Shannon L. Mattiace is trained as an anthropologist and a political scientist, and she uses field study methods in addition to providing a historical overview of indigenous political activism in Mexico to illustrate her thesis. She primarily uses the example of the Tojolabal-Maya tribe's efforts to gain a stronger foothold within the political system. She lived amongst and studied this community, and uses them as an illustration of her central contention -- that there is the need to strike a balance between the dueling calls from assimilation of native tribes and autonomy from Mexican central authorities, that there must be "a dialogue between Indian and non-Indian society about democracy" (Mattiace 2003, p. 155). Indigenous or national calls for autonomy may have, according to her thesis, replaced class-based calls for authority to some degree, but neither category of class nor race can be overlooked by either of the two groups in creating a new Mexico (Mattiace 2003, p. 3). Mattiace confesses her methodology is based in an ideological bias, as even before embarking upon her research, she came with the viewpoint of someone with a long commitment to social justice organizations and populist empowerment.

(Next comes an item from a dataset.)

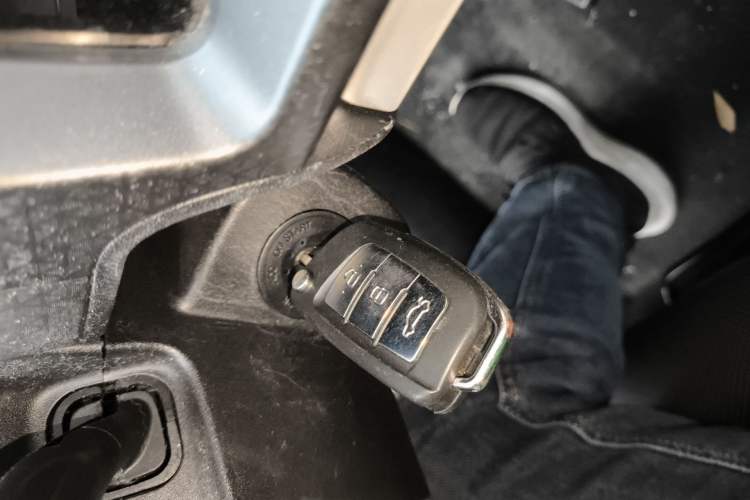 Used Geely Auto Vision X1 2017 1.3L Automatic Player Edition
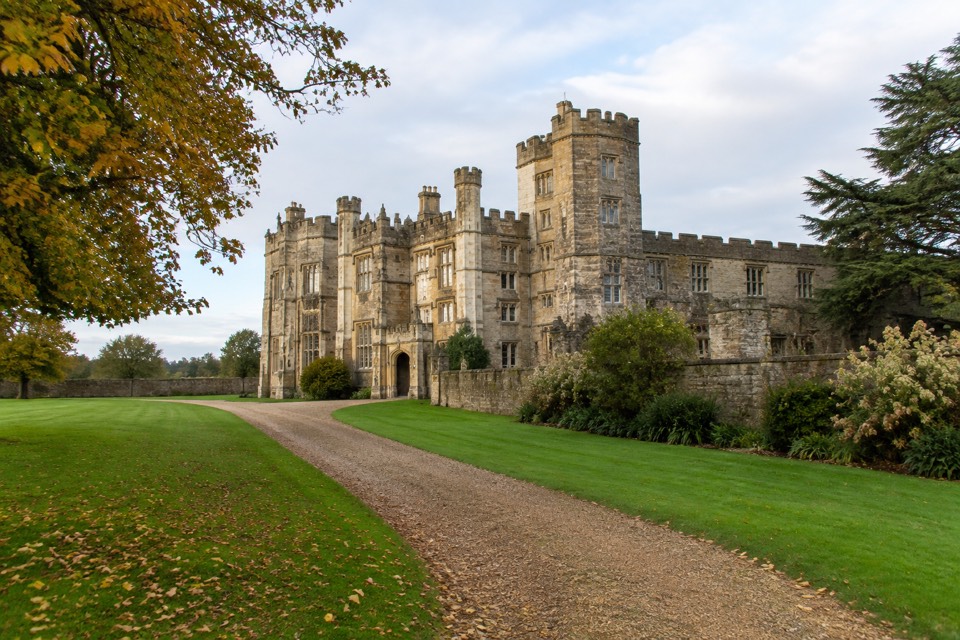 Broughton Castle, Broughton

Dispersed between her ethnographic studies of the Tojolabal, Mattiace uses her more scholarly research chapters to stress that the struggle for recognition for Indian rights has been a long one, yet one which underwent a seismic shift in character after the 1994 EZLN movement, which explicitly defined the fight for native rights in terms of cultural autonomy (Mattiace 2005, p.4). Before, struggles for social justice were defined around more vaguely defined collective, peasant organizations that lacked a distinct cultural character. After state support weakened for these class-based groups, native tribes reconfigured their mobilization efforts as a fight for integrity based upon ethnic identity rather than class alone. The EZLN talks placed the final 'nail in the coffin,' according to Mattiace, for groups that defined themselves purely in terms of class-based solidarity. The success of the EZLN instead shifted the emphasis to native rights. This was also rooted in a wider trend to emphasize identity and other forms of self-identification on an international level, rather than class, given the death of Marxism as a viable challenge to capitalism.
Before, it has been assumed that collective, indigenous struggles for economic and political rights would be inherently problematic, given the cultural divisions between different tribes and their sense of personal 'closed' identity. It was also feared amongst many advocates that claims of worker solidarity, across urban and rural sectors could become problematic if identity politics were emphasized. A distinguishing feature of new, as opposed to old labor movements, was the stress upon dignity and recognition for native tribes rather than labor and wages alone (Mattiace 2003, p. 24). Before, Marxists may have rhetorically honored the indigenous people's unique nature and contribution to Mexico's past but saw native cultural preservation as a potential threat to class unity (Mattiace 2003, p.59).
The Zapatistas first gained prominence when they occupied several towns in Chiapas in the name of all Mexicans lacking adequate food, housing and healthcare -- they spoke for specific national interests of indigenous peoples and for all Mexicans at the same time, according to Mattiace (Mattiace 2003, p. 4). This idea that it was impossible for struggles to be both local and national was one of the reasons ethnicity was deemphasized in previous social movements but confounded by the initial success of the Zapatista movement (Mattiace 2003, p. 15). During the EZLN talks with the Mexican government regional and local indigenous movements and governing bodies began to rise in prominence -- the assumption that nationality was counterproductive for social justice struggles proved untrue, and in fact the cause of nationalists seemed to be a profoundly persuasive way to rally the poor around class-based issues and to make use of existing social networks (Mattiace 2003, p. 22).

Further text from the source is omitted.